She walked toward me, shutting the door close. Her scrubs were stained with blood. Her hair was escaping its bun, dark red strands falling around her face. She looked exhausted and devastated and so painfully beautiful it made my throat dry.
"Cassian, I'm so sorry. I was about to leave, I swear. I was walking to my car when the call came, and I couldn't just ignore it. He would have died if I hadn't stayed."
I stared at her, nodding. "I know."
"I forgot. I'm the worst."
"Calla."
"No, I am. I forgot our anniversary. Our second anniversary. You made reservations, didn't you? At Lucia's. That's why you're wearing the blue tie."
She noticed the tie. Somehow, that made it worse.
I wanted to argue with her and tell her that it wasn't fine. I wanted to ask her if she even wanted to be married to me anymore, or if I was just another obligation she kept forgetting to cancel.
But she looked shattered. Genuinely. Her armor was down, and underneath it was a woman who was drowning in guilt she didn't know how to express.
I couldn't be angry at that. I didn't have it in me.
"The guy going to make it?" I asked instead.
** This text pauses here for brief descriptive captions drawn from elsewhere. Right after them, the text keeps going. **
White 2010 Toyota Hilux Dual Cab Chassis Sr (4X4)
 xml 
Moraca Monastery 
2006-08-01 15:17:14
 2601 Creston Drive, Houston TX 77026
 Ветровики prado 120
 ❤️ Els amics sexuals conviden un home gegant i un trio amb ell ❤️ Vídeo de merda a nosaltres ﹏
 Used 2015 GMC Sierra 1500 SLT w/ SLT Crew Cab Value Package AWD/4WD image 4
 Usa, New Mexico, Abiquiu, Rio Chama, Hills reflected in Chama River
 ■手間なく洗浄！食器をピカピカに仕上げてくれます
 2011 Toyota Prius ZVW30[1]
The shift in topic startled her. She blinked, processing, then nodded slowly. "Probably. If the next twenty-four hours go well. We had to resect part of his bowel, but we saved most of it."
"Good."
"Cassian..."
I sighed. "Come here."
I opened my arms, and she hesitated for only a second before stepping into them. Her body sagged against mine, all the tension draining out of her at once. I realized she was trembling, shivers running through her frame that she was trying to hide.
I held her tighter.
"I'm sorry," she whispered against my shoulder. "I'm so sorry."
"I know."
"I wanted to be there. I wanted to have dinner with you and drink wine and celebrate like normal people do. I wanted..."
She trailed off. I waited, but she didn't finish the sentence.
That was Calla. She’d always start talking about thoughts she couldn't complete, leaving sentences half-spoken because finishing them would require vulnerability she didn't know how to give.
I kissed the top of her head, breathing in the smell of antiseptic and hospital soap that clung to her hair. Underneath it, barely there, was the citrus scent of her shampoo. A small reminder of the woman beneath the surgeon.
"Let's go home," I said.
She pulled back enough to look at me. Her eyes were wet, though no tears had fallen. Calla didn't cry. Not in front of people, anyway. She saved her grief for moments when no one could witness it.
"You're not angry?"
"I'm tired," I admitted. "And disappointed. But I'm not angry."
"You should be angry."
"Maybe." I tucked a strand of hair behind her ear, my thumb brushing her cheekbone. "But being angry won't give us our anniversary back. It'll just make us both miserable."
She stared at me like I'd said something in a language she didn't speak. As if forgiveness was a concept she couldn't quite wrap her mind around.